E agora? Como escolher um só restaurante nesta nossa Demente Paulo, cidade que de sã tem tão pouco, mas que pelo menos neste quesito, restaurantes, pode   se orgulhar de uma gastrodiversidade tão vasta quanto amazônica, rara em outras grandes cidades do mundo e que até nos permite retornar, nem que seja apenas para uma refeição,  a uma sanidade momentânea. Ou enlouquecer de vez na hora de selecionar um lugar…  Como passar a colher e escolher uma só entre tantas opções? Poderia me restringir aos cinco apoiadores dos  Parlapatões selecionados a hashi ( os pauzinhos da culinária japa) justamente por suas qualidades: Pitanga, 1900, Eugenia, Kayomix e Posto 6. Mas ao degustar um estaria sendo injusto com os outros. O melhor é voltar às origens,  recorrer àquela fonte provedora que alimenta e sacia  a todos,  e aí minha escolha só podia cair neste verdadeiro mundo que é o Mercado Central de São Paulo, Meca inspiradora de nossos melhores chefes de cozinha,  com suas especiais especiarias e iguarias, generoso com todos os gostos e paladares possíveis, dos carnívoros aos frugívoros (meu caso).  Ali encontro tudo que preciso para sossegar o cereal killer que mora no meu estômago, e que, inspirado nos antigos, exige para cada dia da semana o seu correspondente  cereal, o seu correlato planeta.
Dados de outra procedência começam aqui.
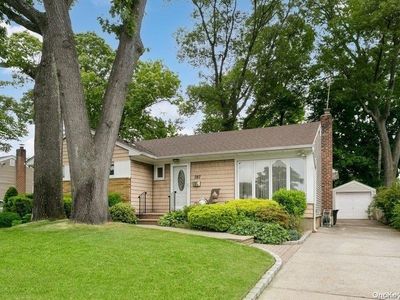 397 Spruce Lane, East Meadow, NY, 11554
Aliás adoraria que alguém me explicasse porque só na nossa língua isto não ocorre, quem afugentou os planetas e deixou a feira no lugar? Que feira é essa que não tem primeira? Montag, Monday,Lundi, Lunes: dia da Lua, dia de comer arroz!   E em seguida dia de Marte (cevada), de Mercúrio (painço, para alimentar o pássaro que habita em nós), de Júpiter (centeio), de Vênus (aveia), de Saturno (milho, a soturna América do Norte) e do Sol (trigo, o pão nosso de cada dia, o dia de Deus). Mas como ninguém vai ter saco e paciência para decorar isso tudo o melhor é encher tuas sacolas vazias na melhor de todas as feiras da cidade: deixe-se levar pelo canto da sereia que passeia pelos ares do Mercado Central de São Paulo na rua da Cantareira, a nossa verdadeira primeira-feira da semana.